#### Exercise
Report each line of the entries below that includes "Pink".

BEGIN

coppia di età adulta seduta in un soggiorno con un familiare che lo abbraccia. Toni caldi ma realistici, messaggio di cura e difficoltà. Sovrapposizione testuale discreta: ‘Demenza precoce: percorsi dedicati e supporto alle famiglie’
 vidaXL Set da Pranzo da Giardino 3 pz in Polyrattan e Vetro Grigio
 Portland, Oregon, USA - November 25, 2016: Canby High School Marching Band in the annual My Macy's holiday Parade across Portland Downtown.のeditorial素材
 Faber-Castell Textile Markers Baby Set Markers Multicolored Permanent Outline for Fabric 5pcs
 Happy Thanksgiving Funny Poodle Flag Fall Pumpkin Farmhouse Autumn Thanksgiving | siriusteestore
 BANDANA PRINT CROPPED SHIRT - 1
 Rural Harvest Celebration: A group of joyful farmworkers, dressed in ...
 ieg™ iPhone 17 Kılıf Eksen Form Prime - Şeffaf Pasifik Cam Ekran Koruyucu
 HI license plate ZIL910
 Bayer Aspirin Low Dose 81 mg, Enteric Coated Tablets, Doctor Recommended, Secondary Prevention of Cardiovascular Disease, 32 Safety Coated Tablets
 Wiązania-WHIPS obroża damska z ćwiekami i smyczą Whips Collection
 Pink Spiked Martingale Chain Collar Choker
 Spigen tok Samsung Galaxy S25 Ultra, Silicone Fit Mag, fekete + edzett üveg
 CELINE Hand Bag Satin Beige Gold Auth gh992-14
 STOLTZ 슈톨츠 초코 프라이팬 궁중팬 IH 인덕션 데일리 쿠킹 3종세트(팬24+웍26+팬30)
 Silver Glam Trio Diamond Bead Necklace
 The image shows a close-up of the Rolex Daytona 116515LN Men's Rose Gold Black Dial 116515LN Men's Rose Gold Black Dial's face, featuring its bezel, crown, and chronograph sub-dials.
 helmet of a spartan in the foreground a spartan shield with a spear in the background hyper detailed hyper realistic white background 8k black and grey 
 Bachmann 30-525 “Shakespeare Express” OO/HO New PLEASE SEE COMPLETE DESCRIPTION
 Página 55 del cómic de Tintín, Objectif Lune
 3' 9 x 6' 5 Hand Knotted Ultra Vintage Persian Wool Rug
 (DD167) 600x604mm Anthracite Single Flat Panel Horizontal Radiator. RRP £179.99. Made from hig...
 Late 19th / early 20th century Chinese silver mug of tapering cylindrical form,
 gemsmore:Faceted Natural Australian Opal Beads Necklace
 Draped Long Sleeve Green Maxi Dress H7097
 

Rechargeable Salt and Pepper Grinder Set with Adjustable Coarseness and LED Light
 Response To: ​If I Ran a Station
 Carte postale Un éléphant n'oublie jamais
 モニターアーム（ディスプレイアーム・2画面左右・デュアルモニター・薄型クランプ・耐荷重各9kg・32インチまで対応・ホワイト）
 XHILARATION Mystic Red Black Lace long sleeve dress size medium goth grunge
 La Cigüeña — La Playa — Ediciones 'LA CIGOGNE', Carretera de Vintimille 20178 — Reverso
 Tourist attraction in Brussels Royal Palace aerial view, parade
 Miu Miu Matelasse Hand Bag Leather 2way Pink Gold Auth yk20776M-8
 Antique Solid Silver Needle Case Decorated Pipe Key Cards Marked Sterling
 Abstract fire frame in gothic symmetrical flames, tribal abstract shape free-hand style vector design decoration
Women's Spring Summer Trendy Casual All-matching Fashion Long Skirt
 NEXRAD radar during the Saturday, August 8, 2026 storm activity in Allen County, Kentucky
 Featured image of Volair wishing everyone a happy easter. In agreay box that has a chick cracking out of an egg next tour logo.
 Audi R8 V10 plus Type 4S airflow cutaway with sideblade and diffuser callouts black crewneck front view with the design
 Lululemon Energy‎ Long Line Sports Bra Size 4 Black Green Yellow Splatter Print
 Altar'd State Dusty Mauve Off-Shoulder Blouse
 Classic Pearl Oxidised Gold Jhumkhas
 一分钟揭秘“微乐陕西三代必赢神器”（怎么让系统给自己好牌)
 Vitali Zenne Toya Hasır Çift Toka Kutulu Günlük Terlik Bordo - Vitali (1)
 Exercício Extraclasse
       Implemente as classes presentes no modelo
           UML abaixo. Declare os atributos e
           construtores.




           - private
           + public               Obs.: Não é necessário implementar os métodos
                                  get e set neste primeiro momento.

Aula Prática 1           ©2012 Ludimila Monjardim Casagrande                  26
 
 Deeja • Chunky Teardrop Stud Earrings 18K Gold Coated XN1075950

END

#### Exercise result
 Pink Spiked Martingale Chain Collar Choker
 Miu Miu Matelasse Hand Bag Leather 2way Pink Gold Auth yk20776M-8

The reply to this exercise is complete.